C’est la méga-teuf globale. Tout le monde aligné. Et je veux pas en voir un seul qui fait la gueule. Parce que si t’es pas heureuse, Paulette, c’est que t’es malade. Et si t’es  malade, t’es contagieuse. Et si t’es contagieuse, tu vas introduire un virus sain dans  toute cette épidémie de bonne humeur aussi authentique qu’un implant mammaire posé comme un bouse transparente sur une compresse stérile.

L’horoscope de l’homme poisson


L’homme poisson porte un bonnet rouge
, même quand il descend sous les mers avec son masque, ses palmes et deux bouteilles pour faire des bulles.
Arrivé au fond des océans, il sort sa caméra et filme des méduses liquides. Ensuite, l’homme poisson regarde son chronomètre étanche et fait un signe vertical du pouce suivi d’une rotation de l’index.
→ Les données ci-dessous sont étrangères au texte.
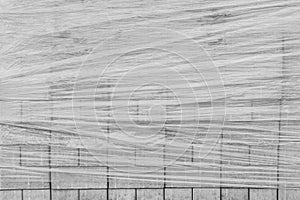A pile of new paving stone slabs wrapped in plastic wrap background. Building tile materials at the construction site
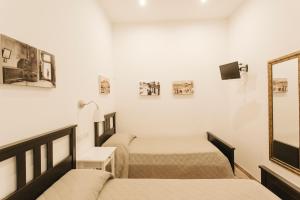 1 dormitorio con 2 camas y espejo en Giulietta nei Sassi, en Matera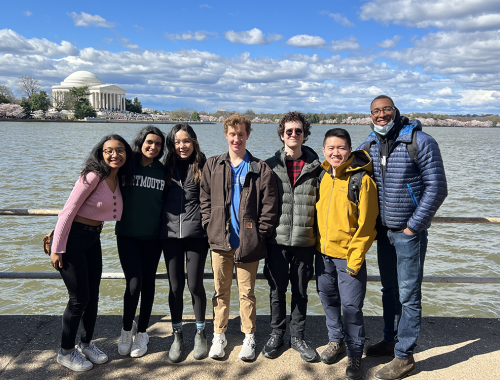 Group of students standing in front of water in DC with the Jefferson Memorial in the distance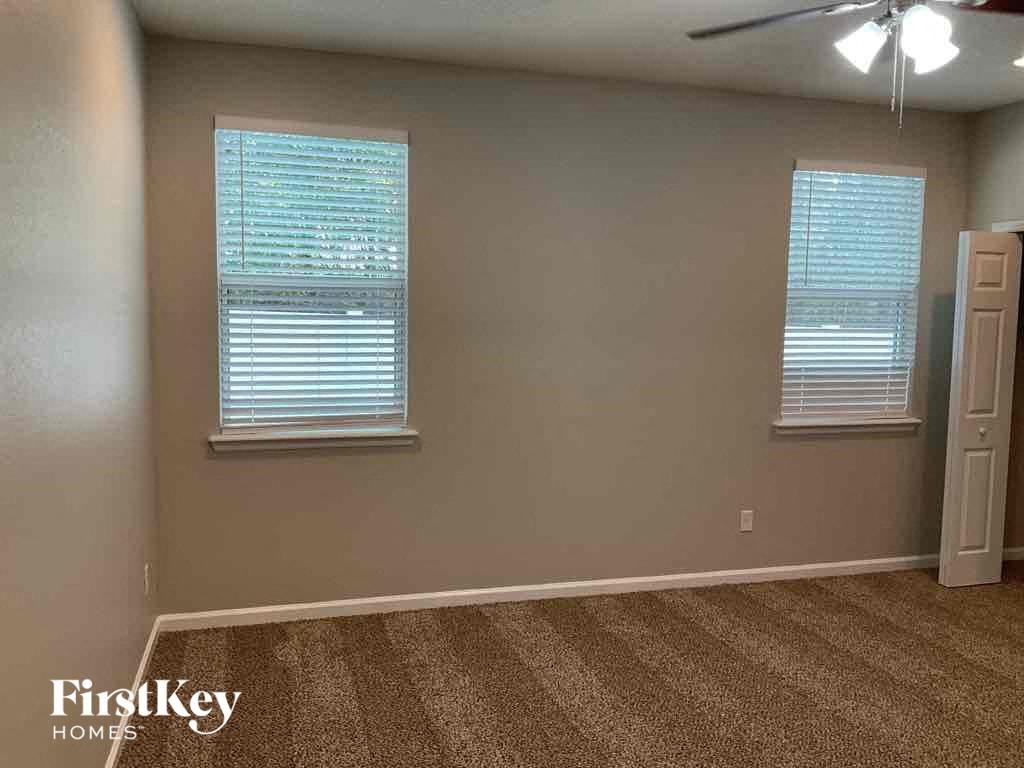 a empty living room with a carpeted floor and two windows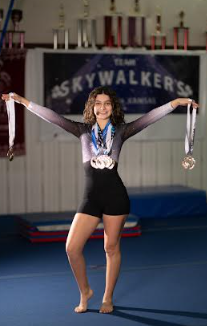 Me at practice with my medals in my competition leotard 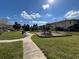 Open community park featuring a playground, covered picnic area, and lush green spaces under a blue sky at 2523 Econ Landing Blvd, Orlando, FL 32825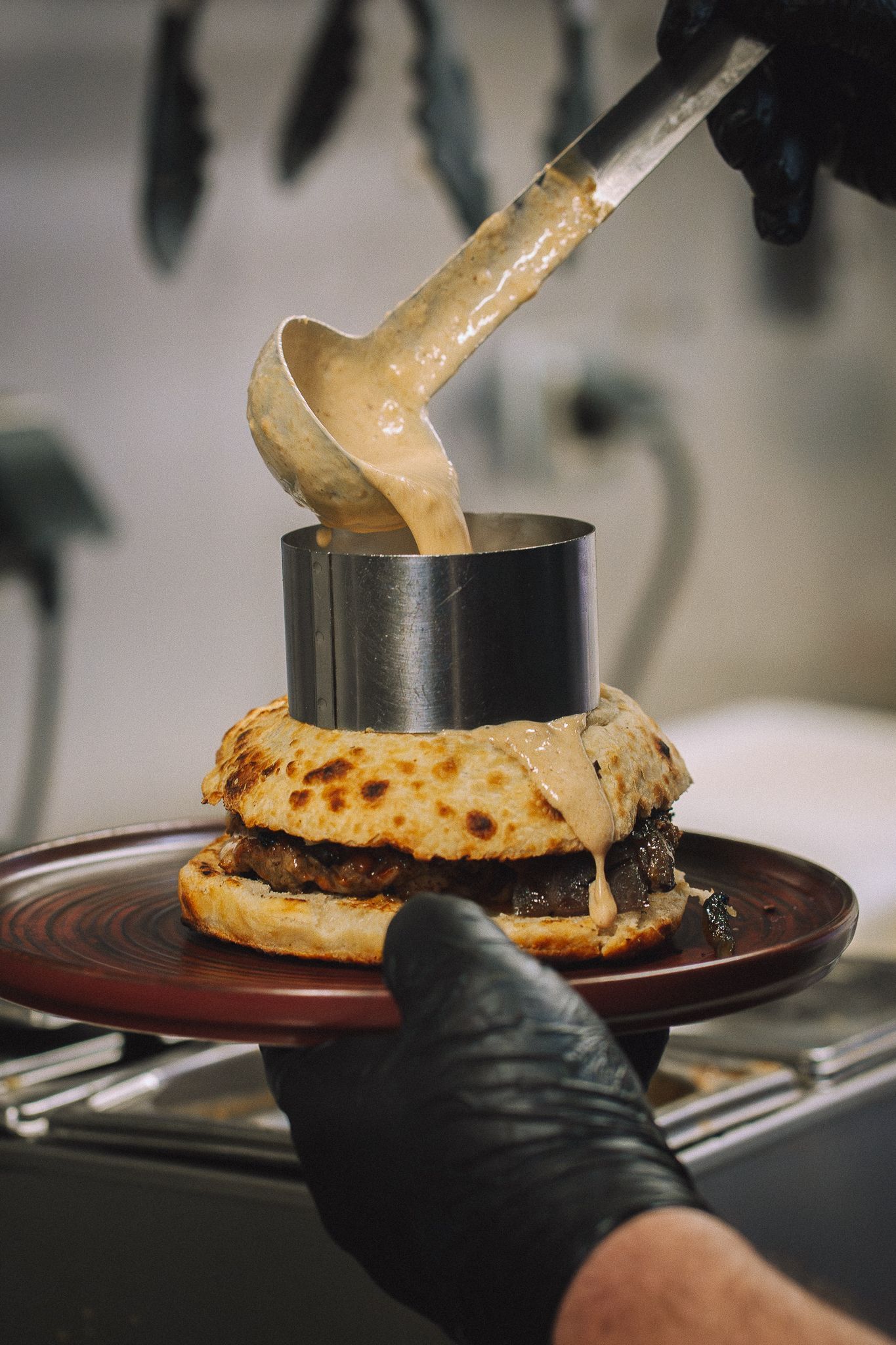 Un burger est présenté dans une assiette avec de la sauce versée à la louche à l'intérieur d'un anneau métallique.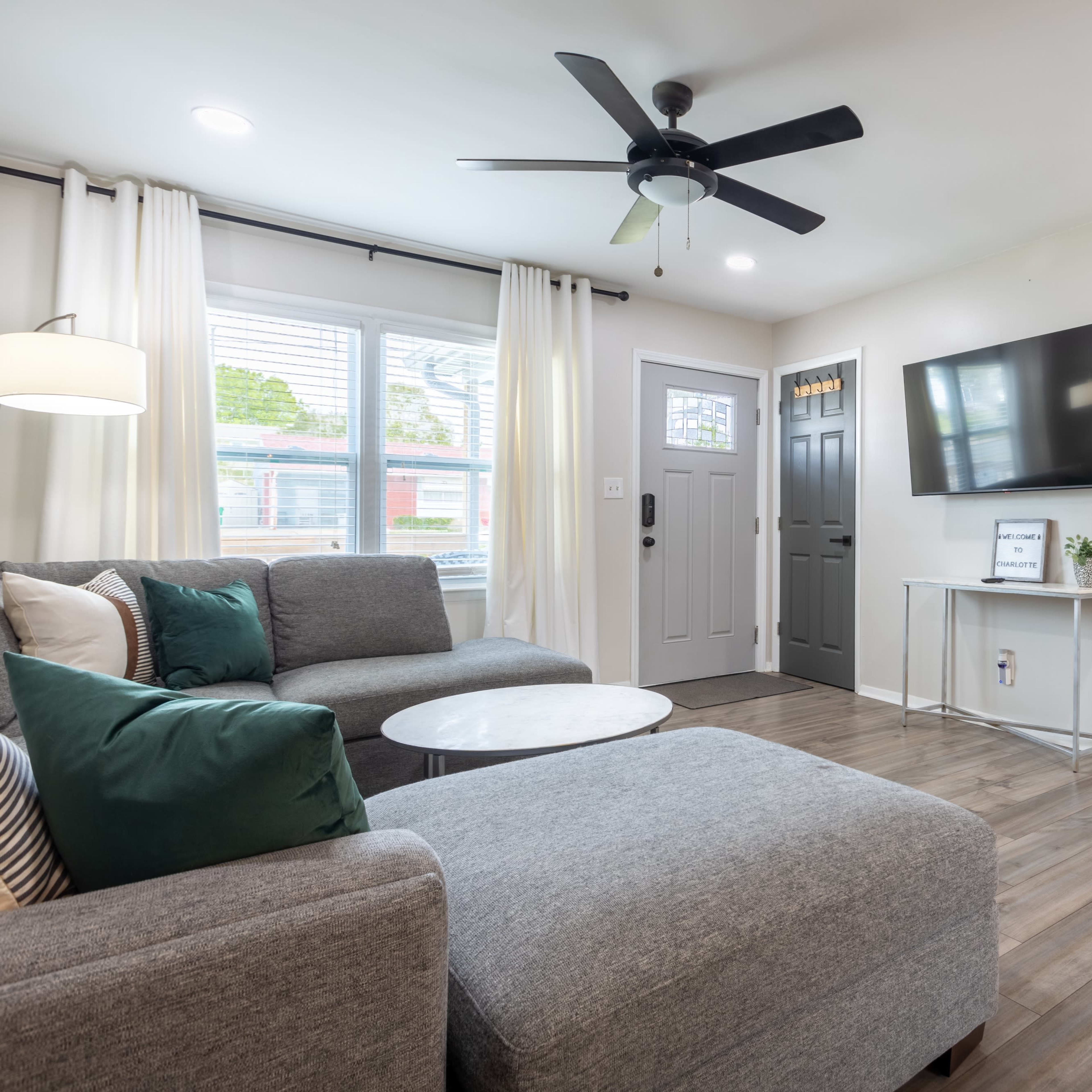 A modern living room featuring a gray sectional sofa, a circular coffee table, a ceiling fan, and a mounted television on a light-colored wall.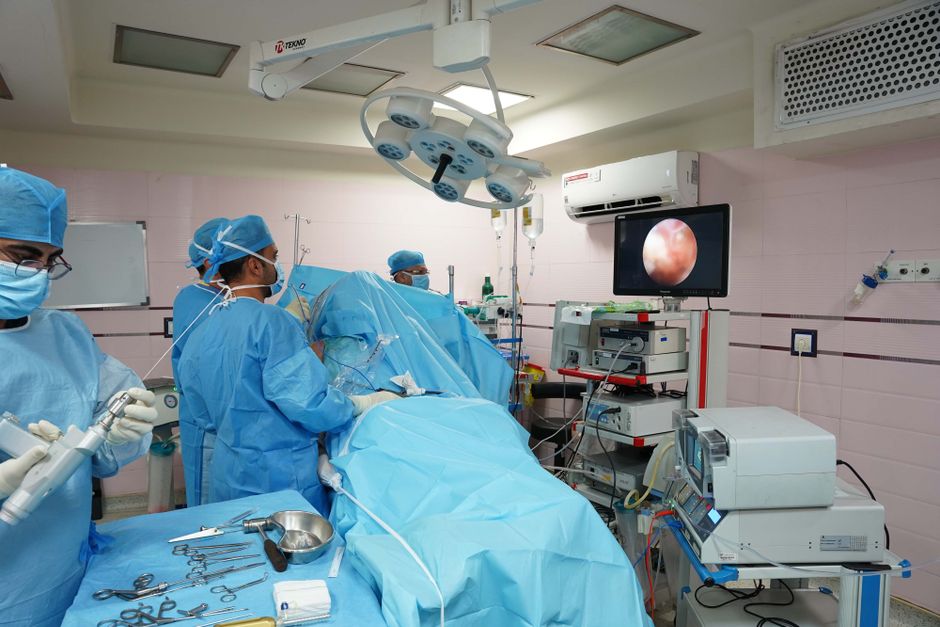 surgeon performing endoscopic thoracic surgery with instruments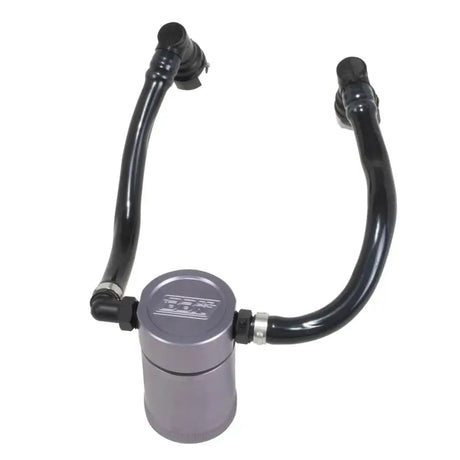 Gray oil separator can with black hoses from BBK Ford Mustang GT separator kit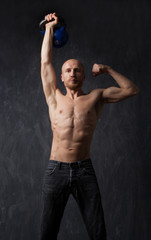 Fototapeta premium Exercise With Kettle Bell.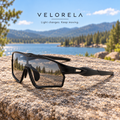 Velorela Black photochromic sports sunglasses resting entirely on a lakeside granite rock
C’est le moment d’aller prendre le thé en observant les dauphins.
Revenu à la surface, l’homme poisson s’étiole, se dessèche. Son élan vital le quitte. Il regarde le ciel en pensant à la mer. Rempli de sel marin, le bonnet rouge irrite son front. Revenu au port, il regarde la terre en pensant à l’eau. L’oxygène l’étouffe. Il a des vapeurs. Des bouffées de chaleur. Il regarde les hommes en pensant aux méduses. Il écoute le bruit en pensant au silence. Il attend l’eau. Il replonge. Il revient à la surface. Immersion. Émersion. Descendre. Monter. Redescendre.
Pourquoi remonter ?
Un jour, l’homme poisson reste au fond.